Rabbi Ephraim Sprecher, Dean of Students and Senior Lecturer at Diaspora Yeshiva, is not only a popular speaker and teacher, but also a dynamic thinker and writer. A student of Harav Yaakov Kamenetsky and Harav Gedalia Schorr, Rabbi Sprecher was granted smicha (rabbinical ordination) by Torah Vodaath Yeshiva. Prior to his current position, Rabbi Sprecher was a professor of Judaic studies at Touro College in New York. In addition to his duties at Diaspora Yeshiva, Rabbi Sprecher writes a regular column on various Judaic topics in the Jewish Press, and lectures regularly at the OU Israel Center in Jerusalem.
Is Questioning G-D Kosher
Published: Wednesday, January 11, 2017 10:57:37 AM
Number of views: 397

Moshe Rabbenu questions G-D. "Why G-D, have You brought evil on this people? Is this why you sent me? Ever since I went to Pharaoh to speak in Your name, he has brought evil on this people, and You have not rescued Your people at all." (Shemot 5).

G-D responds by promising Moshe, that the redemption will come, and it will overshadow all previous Divine Miracles. But in relating this, the Torah uses a name for G-D which is reserved for moments when He delivers stern judgement. The Midrash picks up on this, suggesting Divine displeasure with Moshe. While G-D is redeeming His people, Moshe's complaints are not appreciated. 

Rabbi S.R Hirsch sees in G-D's rebuke to Moshe a call to faith. He points out that although G-D loved our Forefathers, and made many promises to them, their lives were afflicted by infertility, suffering and famine. G-D could have intervened to solve their problems, but He held back, demanding patience from His beloved people. G-D's plan was to forge us into a nation with free will, to experience suffering, and still have faith in G-D. 

Rav Hirsch's message affirms the Talmudic statement that everything that G-D does is for the good. We must accept our limited role in the Divine Plan to build a moral, and ethical world. Moshe is hurt by the misery of the Jews in Egypt, and we sense the continuation of that suffering through Jewish history to our own times. Moshe's question of why we suffer seems not only legitimate, but also how we feel.
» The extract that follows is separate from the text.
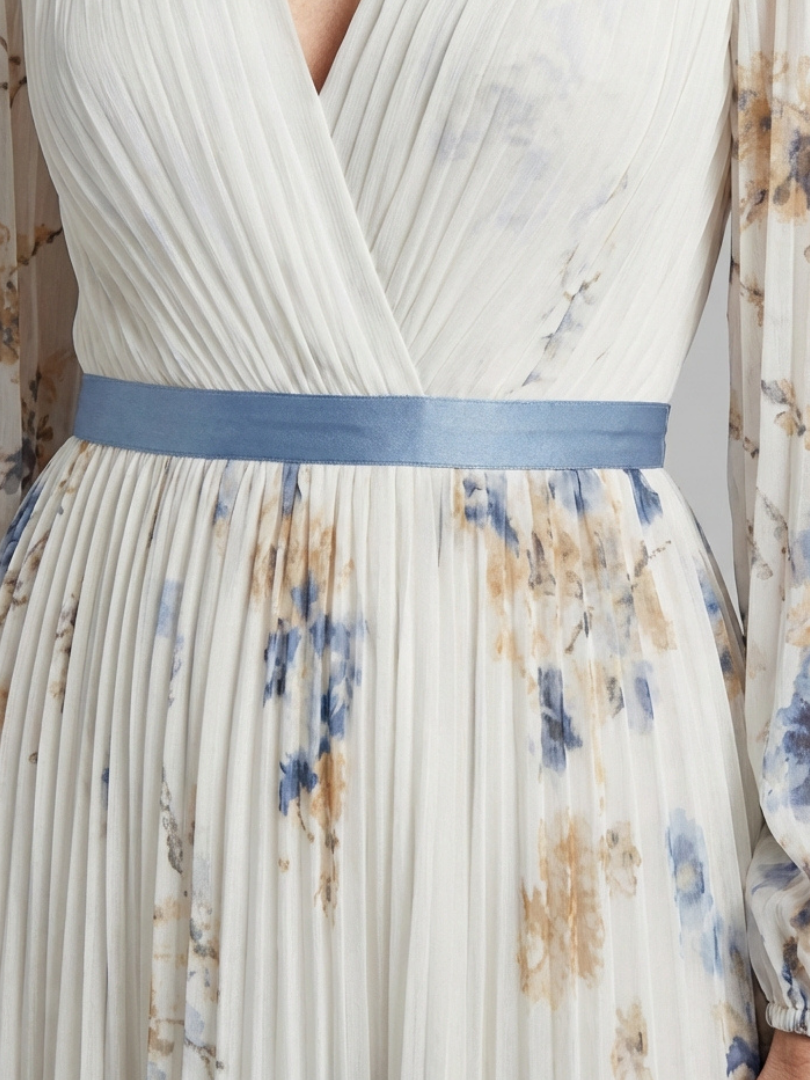 Maxikleid mit langen Ärmeln und V-Ausschnitt im Blumenmuster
For those tormented by these matters, it is the Lubavitcher Rebbe, who comes to the rescue. He appreciates Moshe's need to question, and empathizes with his frustration. Moshe's brilliance, says the Rebbe, brought him closer than any other human being to understanding G-D.

But even Moshe's intellectual relationship with G-D had its limitations. This made it hard for him to deal with painful situations that he could not understand or explain. According to the Talmud (Brachot 7A), Moshe never understood why good people must suffer. Like many of us who are troubled by this problem, he questions G-D, not to challenge, but to seek answers and draw closer to the Almighty.  

While empathizing with Moshe's frustration and admiring his determination to fathom the will of G-D, the Torah gives G-D the last word. Moshe should not spend his life frustrated by his inability to understand everything about the Divine Will. He must, says the Lubavitcher Rebbe, move on, and accept that not everything can be comprehended. Moshe must draw on his spiritual resources to overcome the intellectual gaps in his relationship with G-D. This is the lesson for us all. 

As the Talmud (Brachot 12) teaches, we have every reason to be optimistic. Because ultimately, G-D will redeem us, with a Final Redemption greater even than the Exodus of Egypt.